Histaminergic and Catecholaminergic Interactions in the Central Regulation of Vasopressin and Oxytocin Secretion1

Ulrich Knigge, Edwin Willems, Andreas Kjær, Henrik Jørgensen and Jørgen Warberg

Department of Medical Physiology, Division of Endocrinology and Metabolism, The Panum Institute (U.K., E.W., A.K., H.J., J.W.) and Department of Surgery C, Rigshospitalet (U.K.), University of Copenhagen, Blegdamsvej 3 C, DK-2200 Copenhagen N, Denmark

Address all correspondence and requests for reprints to: Ulrich Knigge, M.D., Ph.D., Department of Medical Physiology, Building 12–3, The Panum Institute, University of Copenhagen, Blegdamsvej 3 C, DK-2200 Copenhagen N, Denmark. E-mail: Knigge{at}mfi.ku.dk

Activation of histaminergic and noradrenergic/adrenergic neurons in the brain stimulates the release of the neurohypophysial hormones arginine vasopressin (AVP) and oxytocin (OT) and are involved the mediation of the hormone responses to physiological stimuli such as dehydration and suckling. We therefore investigated whether the two neuronal systems interact in their regulation of AVP and OT secretion in conscious male rats.

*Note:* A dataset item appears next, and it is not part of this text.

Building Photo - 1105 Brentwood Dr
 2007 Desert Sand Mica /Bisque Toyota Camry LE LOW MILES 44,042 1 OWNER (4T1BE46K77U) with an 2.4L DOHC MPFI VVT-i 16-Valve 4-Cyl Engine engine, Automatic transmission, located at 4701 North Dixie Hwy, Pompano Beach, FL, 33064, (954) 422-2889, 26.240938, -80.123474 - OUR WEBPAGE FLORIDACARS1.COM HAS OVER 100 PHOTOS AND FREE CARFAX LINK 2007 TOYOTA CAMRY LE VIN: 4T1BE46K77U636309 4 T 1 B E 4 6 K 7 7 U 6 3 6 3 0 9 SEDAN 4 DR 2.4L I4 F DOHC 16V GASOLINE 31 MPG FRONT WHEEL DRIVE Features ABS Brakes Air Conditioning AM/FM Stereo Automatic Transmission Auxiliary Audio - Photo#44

When administered intracerebroventricularly (icv), histamine (HA) as well as the H1 receptor agonist 2-thiazolylethylamine or the H2 receptor agonist 4-methylHA stimulated AVP and OT secretion. Prior icv infusion of antagonists specific to {alpha} or ß adrenergic receptors or their subtypes did not significantly affect the hormone response to HA or the histaminergic agonists. Infused icv norepinephrine (NE) or epinephrine (E) increased AVP and OT secretion. Prior icv infusion of the H1 receptor antagonist mepyramine or the H2 receptor antagonist cimetidine significantly inhibited the AVP and OT responses to NE and the AVP response to E, whereas only cimetidine inhibited the OT response to E significantly. Systemic pretreatment with imetit, which by activation of presynaptic H3 receptors inhibits neuronal synthesis and release of HA, decreased the AVP and OT responses to NE and E significantly. In the doses used, HA and E had no significant effect on mean arterial blood pressure. NE increased mean arterial blood pressure 10% at 1 and 2.5 min, whereafter the blood pressure returned to basal level within 10 min. The results indicate that noradrenergic and adrenergic neurons stimulate AVP and OT secretion via an involvement of histaminergic neurons, which may occur at magnocellular neurons in the supraoptic and paraventricular nuclei of the hypothalamus. The stimulatory effect of the amines on neurohypophysial hormone secretion seems to be independent of a central action on blood pressure. In contrast, a functionally intact noradrenergic and adrenergic neuronal system seems not to be a prerequisite for a HA-induced release of AVP and OT. The present findings further substantiate the role of histaminergic neurons in the central regulation of neurohypophysial hormone secretion.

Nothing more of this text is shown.